_DATA PROVIDED_
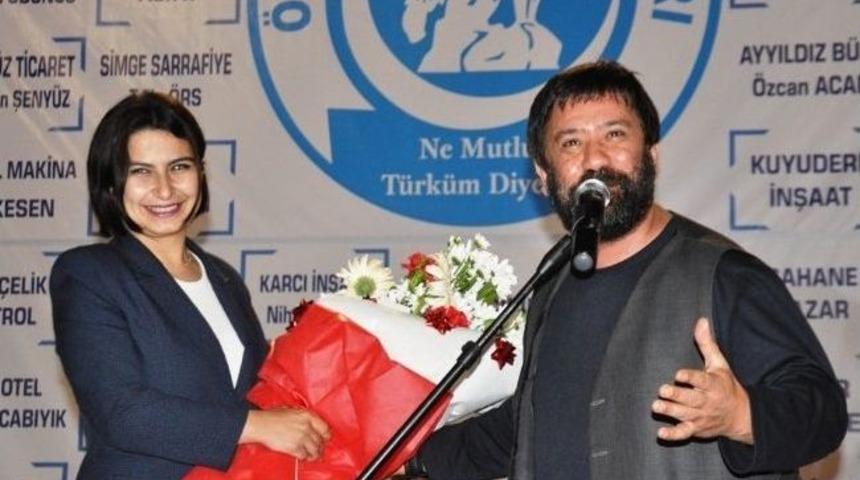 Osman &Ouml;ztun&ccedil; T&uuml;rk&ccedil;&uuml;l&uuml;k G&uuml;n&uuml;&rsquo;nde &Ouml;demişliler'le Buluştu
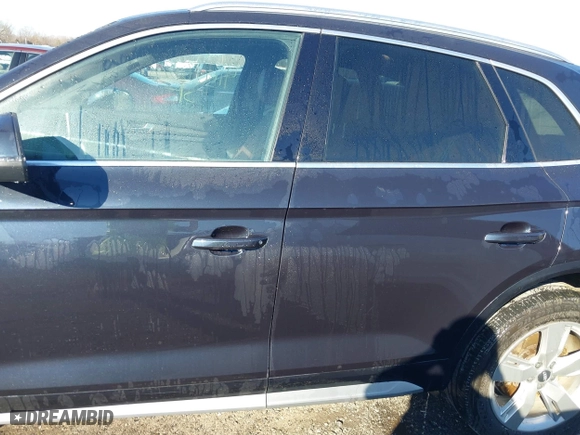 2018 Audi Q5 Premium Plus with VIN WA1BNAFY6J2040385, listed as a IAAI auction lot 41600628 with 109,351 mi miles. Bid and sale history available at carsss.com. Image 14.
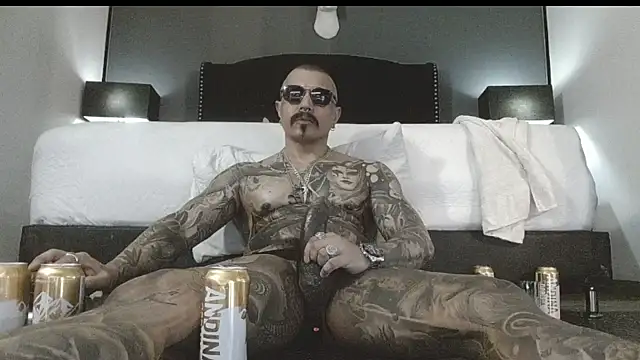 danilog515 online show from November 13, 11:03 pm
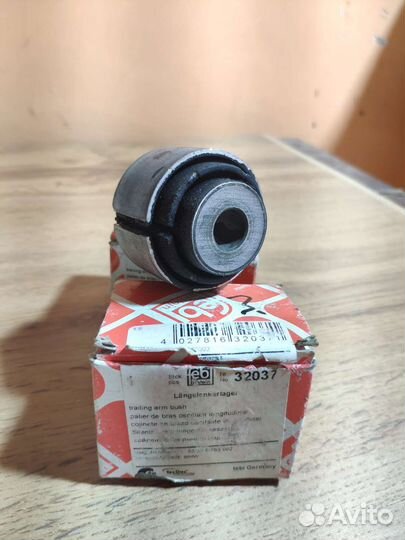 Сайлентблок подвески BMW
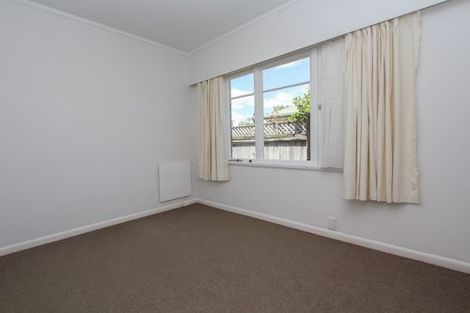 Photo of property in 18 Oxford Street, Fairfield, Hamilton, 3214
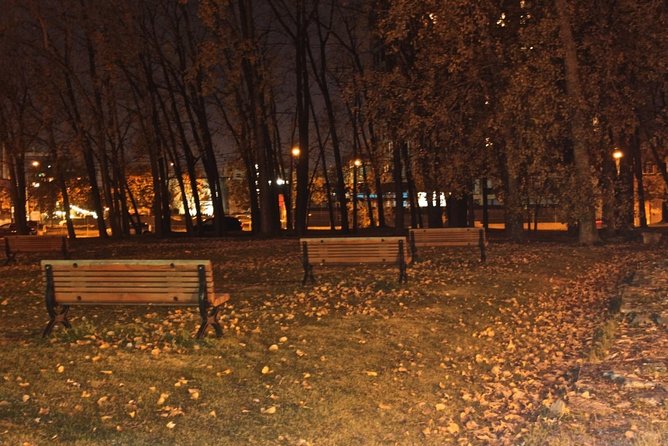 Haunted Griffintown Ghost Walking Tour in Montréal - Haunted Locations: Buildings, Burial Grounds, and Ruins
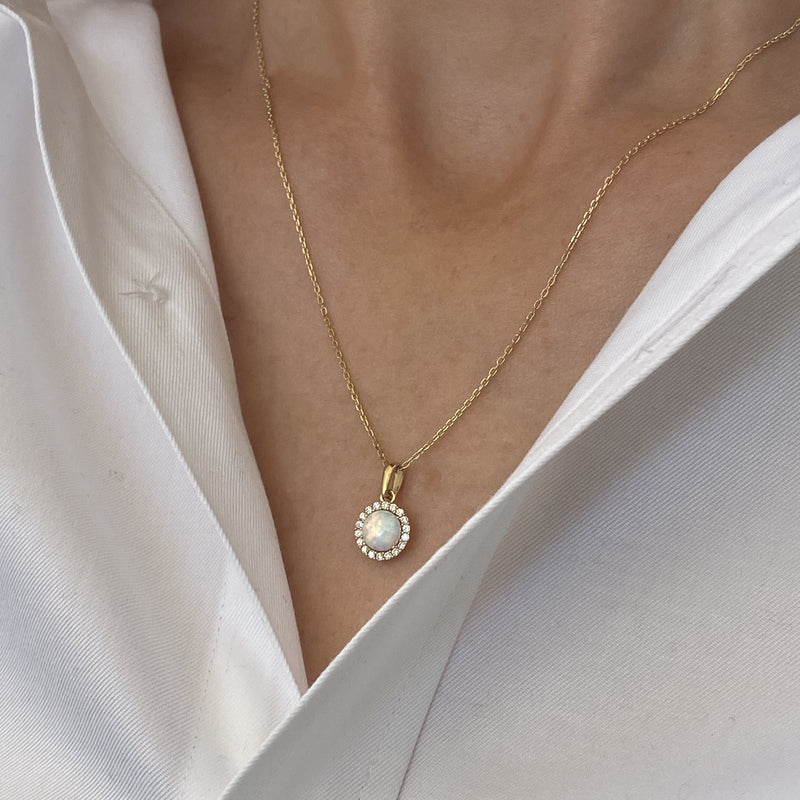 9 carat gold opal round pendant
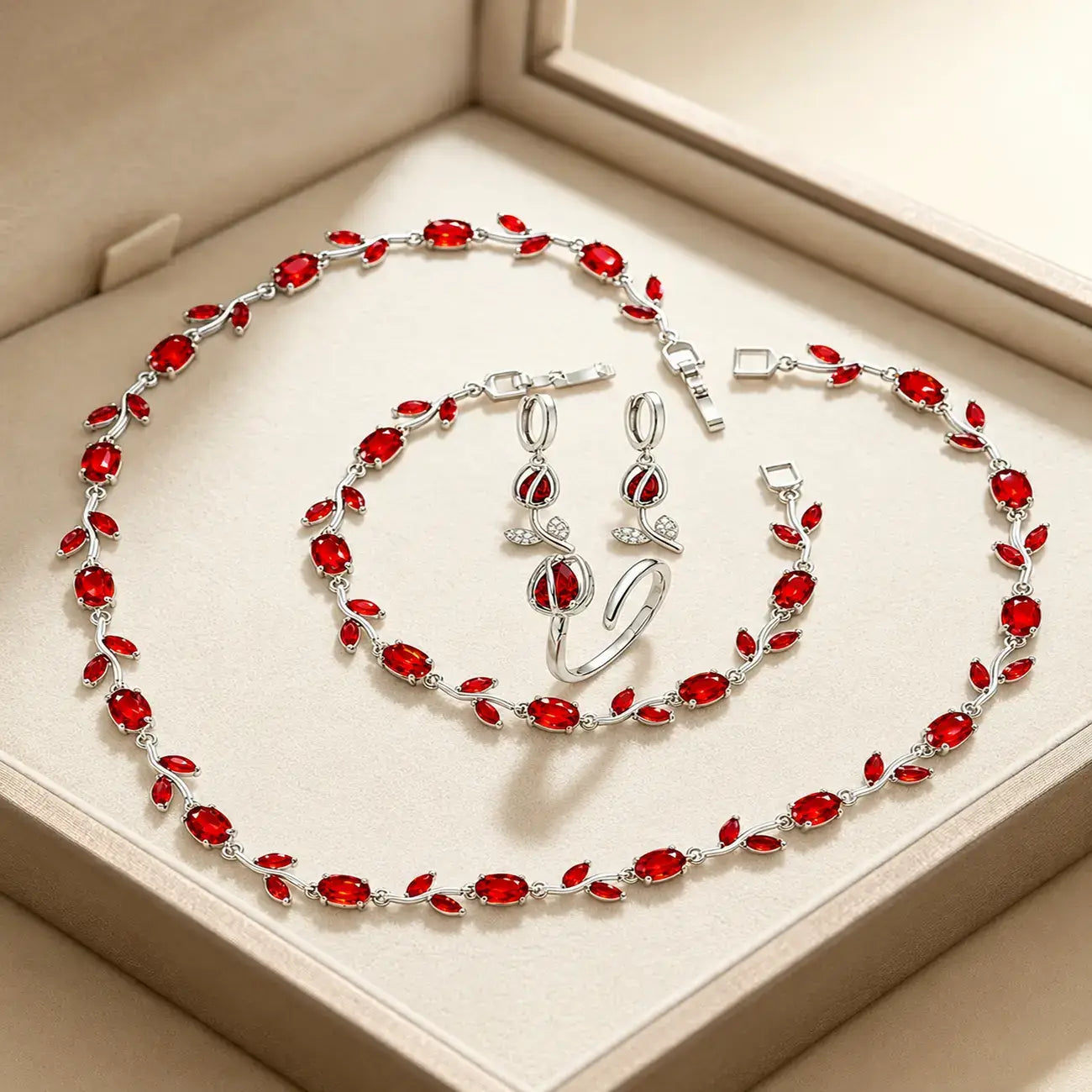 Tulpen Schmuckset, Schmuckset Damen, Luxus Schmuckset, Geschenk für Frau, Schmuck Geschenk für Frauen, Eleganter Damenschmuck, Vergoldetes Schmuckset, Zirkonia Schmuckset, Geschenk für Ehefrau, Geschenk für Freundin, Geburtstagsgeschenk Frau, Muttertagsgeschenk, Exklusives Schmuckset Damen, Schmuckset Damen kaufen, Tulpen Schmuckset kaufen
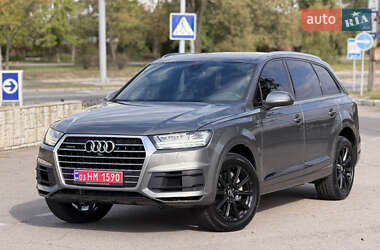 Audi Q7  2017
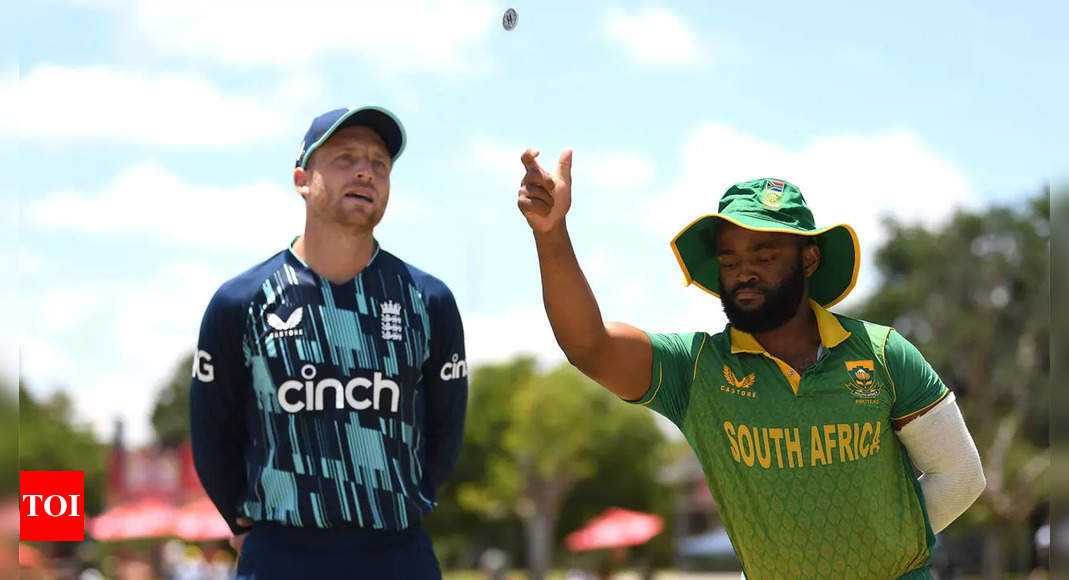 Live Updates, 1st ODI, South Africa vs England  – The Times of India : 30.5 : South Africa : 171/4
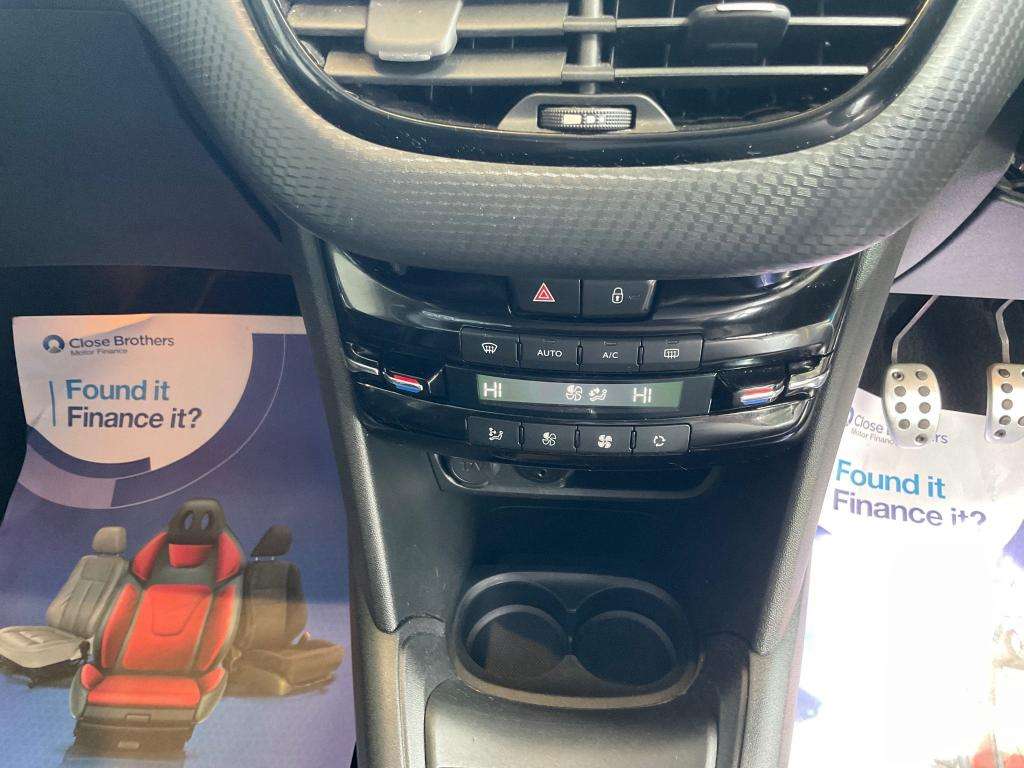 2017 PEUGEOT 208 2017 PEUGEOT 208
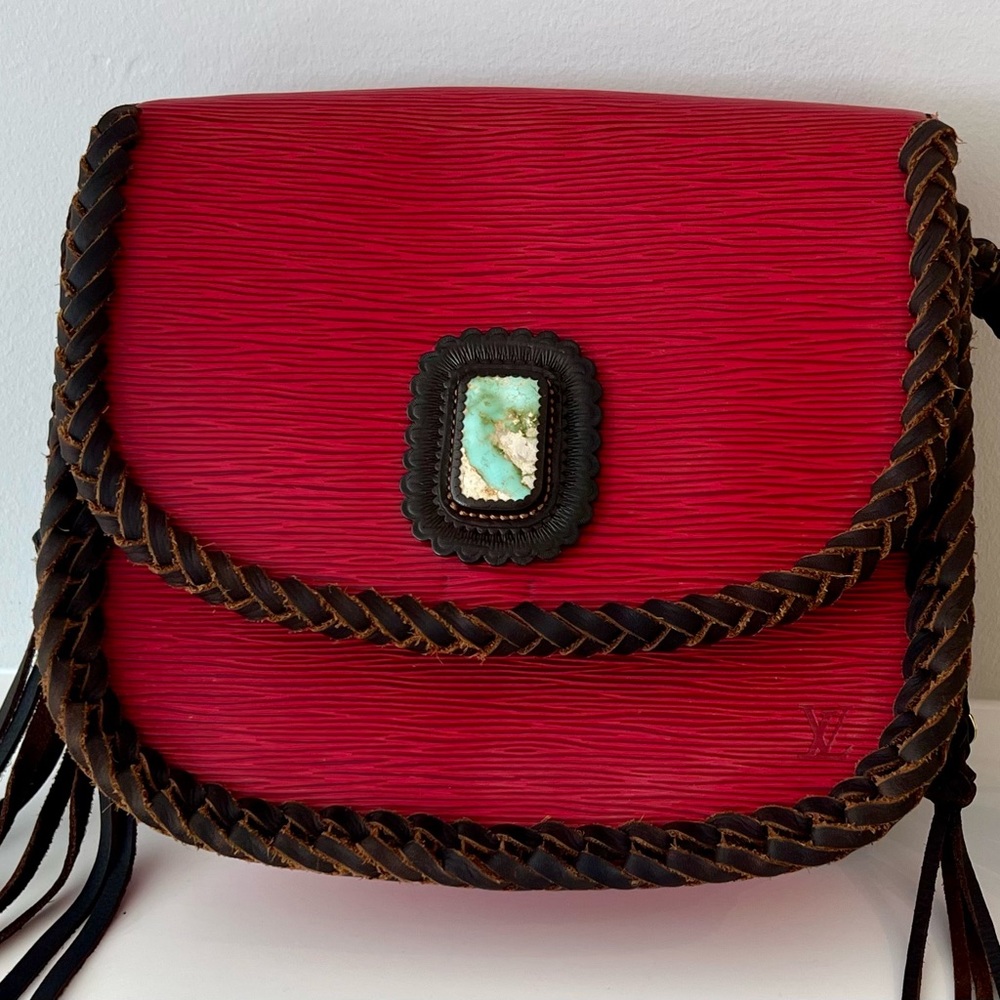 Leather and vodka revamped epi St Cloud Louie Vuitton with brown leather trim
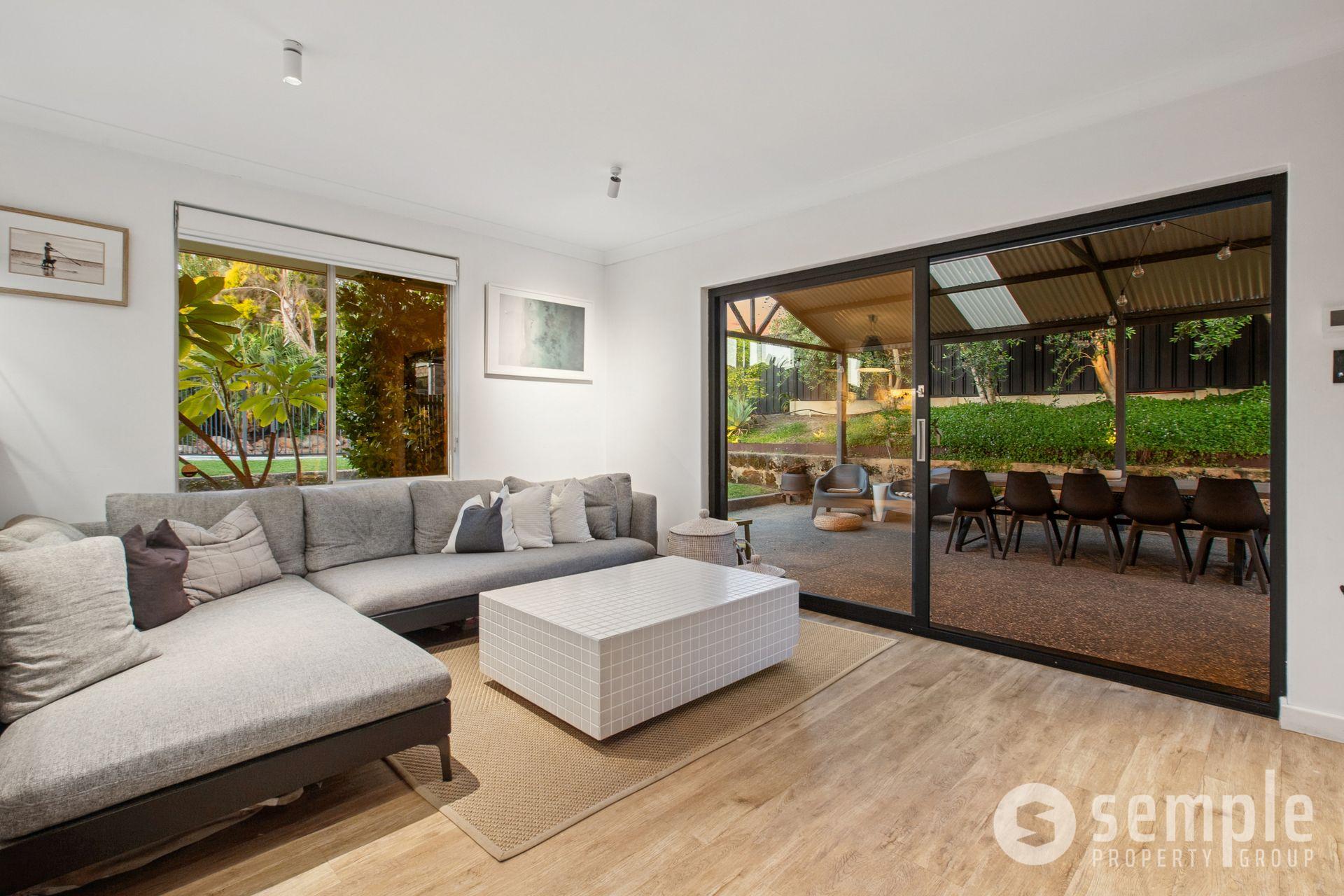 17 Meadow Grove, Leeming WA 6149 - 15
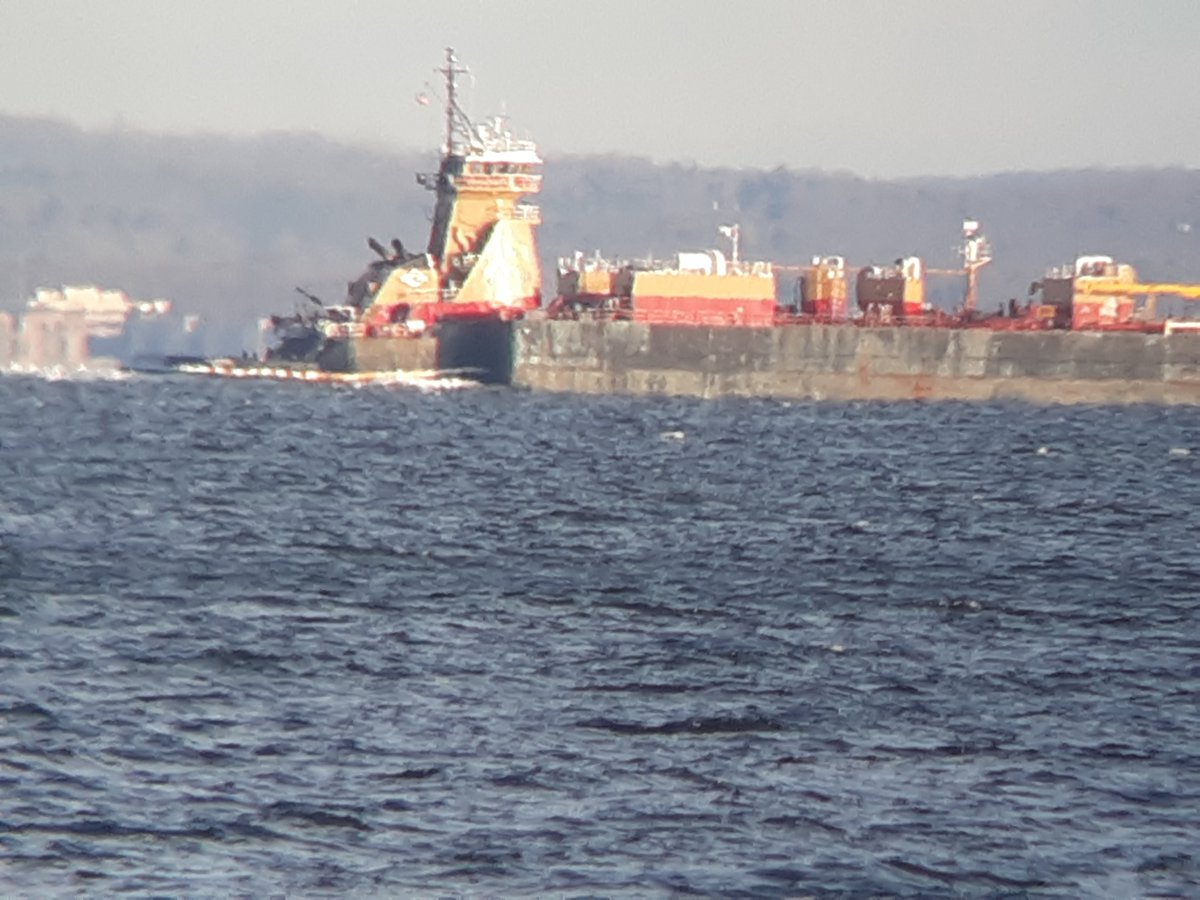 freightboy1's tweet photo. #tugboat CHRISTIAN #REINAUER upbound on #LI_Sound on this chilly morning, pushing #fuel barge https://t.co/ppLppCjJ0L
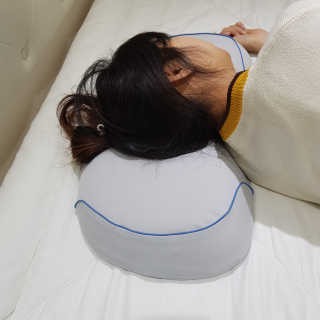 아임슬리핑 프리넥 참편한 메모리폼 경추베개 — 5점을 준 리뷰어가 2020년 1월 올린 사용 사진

_WHAT THIS TASK INVOLVES_
From the line with "Live Updates, 1st" to the final line of the entries above, reproduce each line exactly and nothing else; the pictures stay out.

_WRITTEN SOLUTION_
 Live Updates, 1st ODI, South Africa vs England  – The Times of India : 30.5 : South Africa : 171/4
 2017 PEUGEOT 208 2017 PEUGEOT 208
 Leather and vodka revamped epi St Cloud Louie Vuitton with brown leather trim
 17 Meadow Grove, Leeming WA 6149 - 15
 freightboy1's tweet photo. #tugboat CHRISTIAN #REINAUER upbound on #LI_Sound on this chilly morning, pushing #fuel barge https://t.co/ppLppCjJ0L
 아임슬리핑 프리넥 참편한 메모리폼 경추베개 — 5점을 준 리뷰어가 2020년 1월 올린 사용 사진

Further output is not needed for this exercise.